Wednesday, July 15, 2015

Lim - Disembodied (Koasetic Productions, 2015) ***½

By Eyal Hareuveni

The fourth album from the Swedish collective lim finds the group officially turning from a trio into a quartet. The core trio - tenor sax player Henrik Frisk, electric bass player David Carlsson and drummer Peter Nilsson - has performed already as a quartet on its last album, self-titled with French guest guitarist Marc Ducret (Kopasetic Productions, 2011), but soon after recording that album, expanded to a quartet with guitarist Samuel Hällkvist. The lim quartet still suggests the same aesthetics that has characterized it since its founding about 15 years ago - complex, rhythmic compositions that rely on immediate, organic interplay.
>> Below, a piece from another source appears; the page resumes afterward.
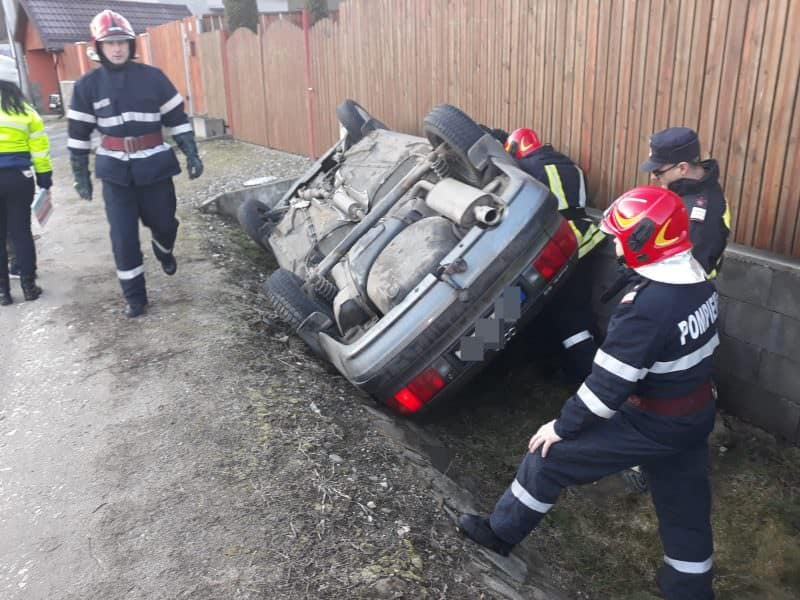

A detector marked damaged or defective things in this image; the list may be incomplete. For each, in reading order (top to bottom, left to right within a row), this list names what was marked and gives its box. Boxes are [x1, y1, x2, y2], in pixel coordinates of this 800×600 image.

The title of the album is inspired by an essay by dystopian French philosopher Jean Baudrillard, “Disembodied Violence: Hate”, that suggests that the contemporary form of violence is blind, born of indifference and cannot be met by an “equal and opposite violence”. Only hate. The four compositions all penned by Frisk, humbly attempt to offer an alternative perspective to this kind of phantom violence. Music that empowers us with its open, passionate power, music that destabilizes violence through attentive listening.

The addition of Hällkvist adds some futuristic fusion elements to the lim sound, but unlike the fusion phase of the seventies and eighties, lim never searches for technical brilliancy. The long structures leave enough room for the improvisations to form the shapes of its multi-layered textures, almost in an organic manner, leaving aside the traditional jazz or fusion solo roles in favor of a reserved, collective sound. The last 16 minute piece, “Månens Gråa Ögon” (The moon’s grey eyes), with its constant shifts in pulse, dynamics and mood, offers lim's best answer to Baudrillard claim. Disturbing at first with its noisy sounds but turns to be an intriguing, subtle piece, full of passion and beauty.